I'm always torn on what to do. After a trip home, I'm either gung ho about getting back there or chomping at the bit to leave and never return. It depends on how good of a time I had. For me, going home is like going on vacation. For however long I'm there, I don't have to do anything short of hauling some wood for my grandmother and washing my own clothes. I hook back up with my high school partners in crime, eat out on Daddy's dime, and snooze and laze around watching cable t.v. Sometimes so much idle time is a dream come true for me. As an undergrad, when I lived much closer to home than I do now, I'd run home for a weekend in the midst of mid terms or room mate fights just to have a break from my "real" life. Momma and Daddy are always so excited to see me they don't know what to do with themselves, and like any good family man, I love making the parents happy. And being lavished upon.
However, home can put me in a glut, and sometimes I feel like I'm falling back into a hole of deep water I'd just managed to crawl out of. Being a bum is only worthwhile for a week or so.
This past weekend was a good one at home. I went back to see my brother and attend a family reunion, where I played with my cousins' babies and prayed to sweet, merciful Jesus that my aunt would not fight the lady at the park whose son bit my cousin on the swing set. I was sweating for a moment, because my aunt and all her brood like to throw down at a hat's drop, but cousin Vanessa's preacher husband calmed everyone down in his diplomatic way and we were spared a police citation, at least for this reunion.
I stayed out much too late with some of the old crew and swam in the shallow end in the wee hours of the morning with no clothes on. I took long think-walks around the new neighborhood that's going up by ours, played with the new beagle puppies, shopped at the dollar stores, and thoroughly enjoyed the hometown experience.
I'm still not sure what to tell friends and family when confronted with the most daunting of all questions: Are you planning on coming back home after you graduate? Honestly, a very large part of my decision to go on to graduate school came from being unable and unwilling to answer that particular question. I strategically applied to schools that were at least six hours from home so I could have a bit more time and space to make up my mind about where home fits into my future. Well, I'm halfway done with my two year by, and I still don't know what I want to do. The problem is, I fall in love with every place I live after a while. I love East Tennessee, and I would settle down here in a heartbeat. Same thing happened to me and Central Arkansas. We were deeply in love for four good years, and I'd still give her the time of day if the cards so fell that way. But home--where my family is, where my roots are--that's a tough place to leave. It's even tougher to go back once you've gotten out, at least in my opinion.

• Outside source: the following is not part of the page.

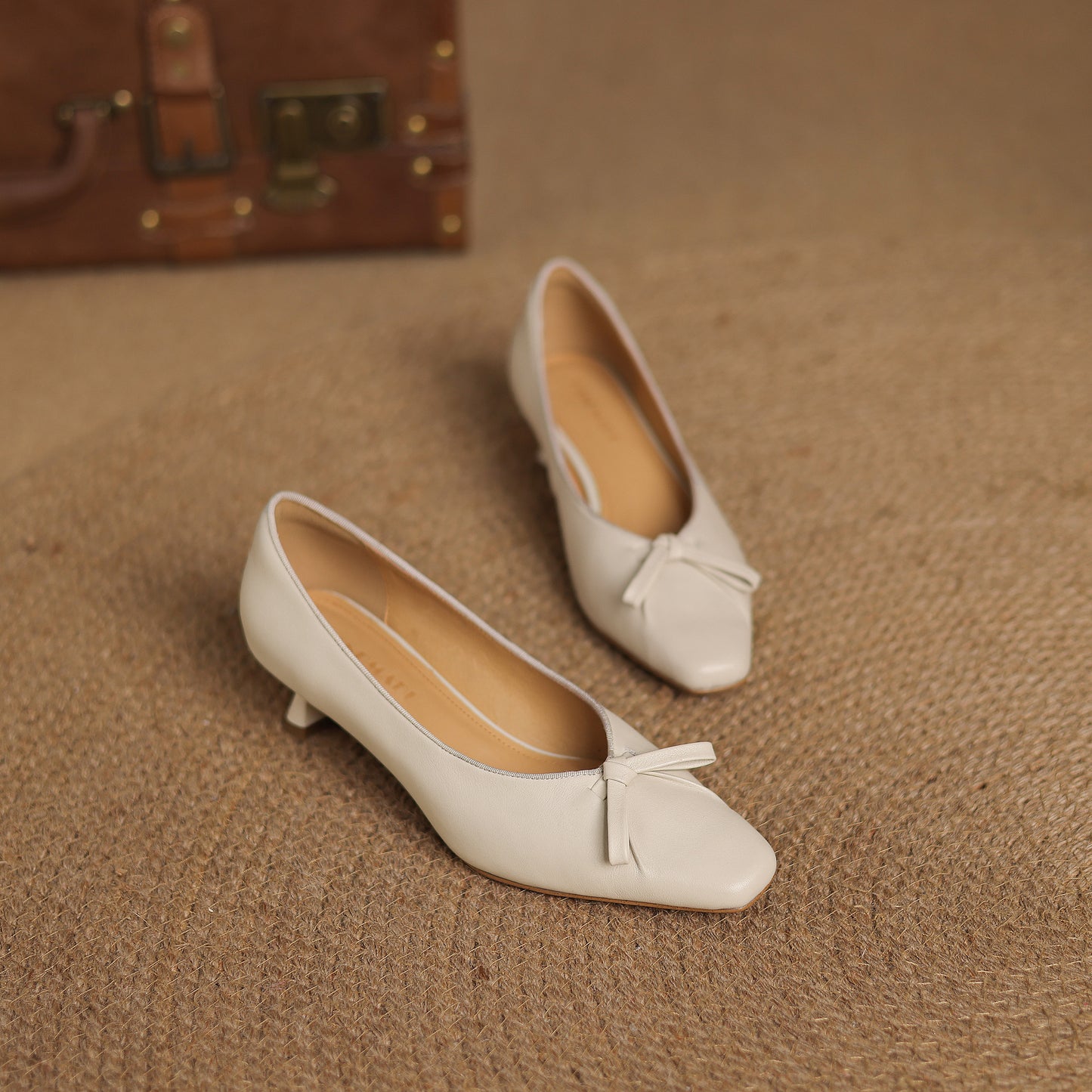 TinaCus Handmade Women's Genuine Leather Square Toe Slip On Low Kitten Heel Pumps with Bowknot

Maybe North Mississippi will be my vacation home. I mean, that's what it has become for me pretty much at this point. Or maybe I will apply for jobs in the area this time next year, and look into living situations. Oh, if only I had more time to be indecisive.
In other news, I'm being published! A poem I've re-written and re-titled several times has been selected, in it's 2nd incarnation, for publication in the Knoxville Writers' Guild anthology, Outscapes: Writings on Fences and Frontiers. This version of the poem is called "Wheeling and Dealing," but its heavily edited, most recent rendition is called "Working Man's Blues." I'm going to send it out, too. It is a different poem, after all.